Before ESXi was released as a free product I’ve run the full blown version on an old HP Desktop for testing purposes which quite a few people used to run ESX 3.5 on and just reinstalling the product every 60 days. The main disadvantage was it’s powerconsumption with the P4 2.x – 3.x processor in there. Mine ran close to 100W continuesly. Until then I was running two MiniITX based systems which each consumed about 45W~50W each, but both of them getting close to three years of running time (continuesly). And as this one was supposed to run continuesly as well I thought it would be nice to cut down on power consumption by building a new solution but didn’t want to spend too much. I wanted to keep the budget below € 500,– for something that will last me hopefully three years, this was less then what I spend on the previous MiniITX solution. After investigating what was supported by VMWare and what was on stock at my favourite IT shop I decided on the following:
Asus Vintage V2-P5G33 barebone which supports up to 8Gb of memory and has a ICH9 SATA chipset, an Intel Core 2 Duo E6550 2.33 Ghz processor, a 1Tb Samsung drive and 2*2Gb of memory (added 2*1Gb which I already had) and as the onboard networkcard was not supported a 1Gb Intel network card. Well within the set budget.

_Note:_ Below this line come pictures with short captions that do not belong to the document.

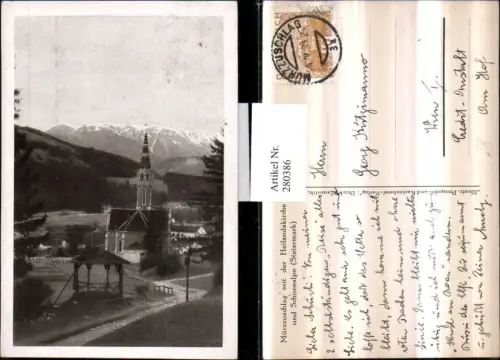 280386,Mürzzuschlag m. d. Heilandskirche Kirche u. Schneealpe Bergkulisse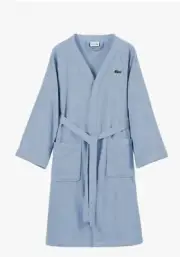 Lacoste Unisex Light Terry Cotton Classic Bathrobe One Size Color Sky NWT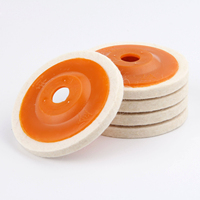 Disque de feutre de laine pure de haute épaisseur pour meuleuse d'angle 100mm roue de polissage à dos en plastique OEM pris en charge dureté moyenne grain fin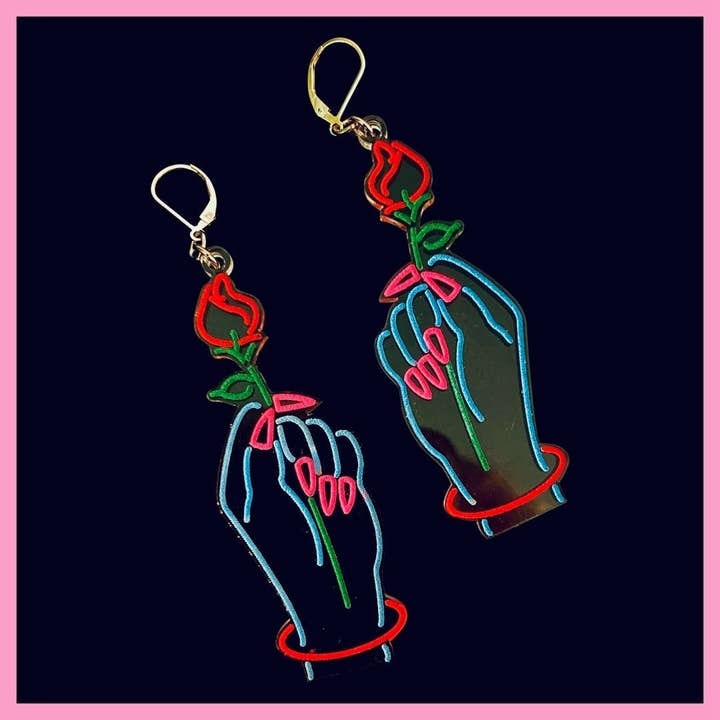 Neon Nail Salon Sign Earrings for wholesale by Foolish Fetish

After piecing it together migrating the domain from the two previous servers and the HP Desktop adding a few other virtual machines which came from the existing ESX Desktop I looked at the power consumption which was about ~85W. It will not return itself through the electricity bill but I’ve got something that will run for the next three years again. Just in time as one of the MiniITX boxes finally caved in as the power supply died and the processor fan was making noise. The other one will be converted into a backup solution later on.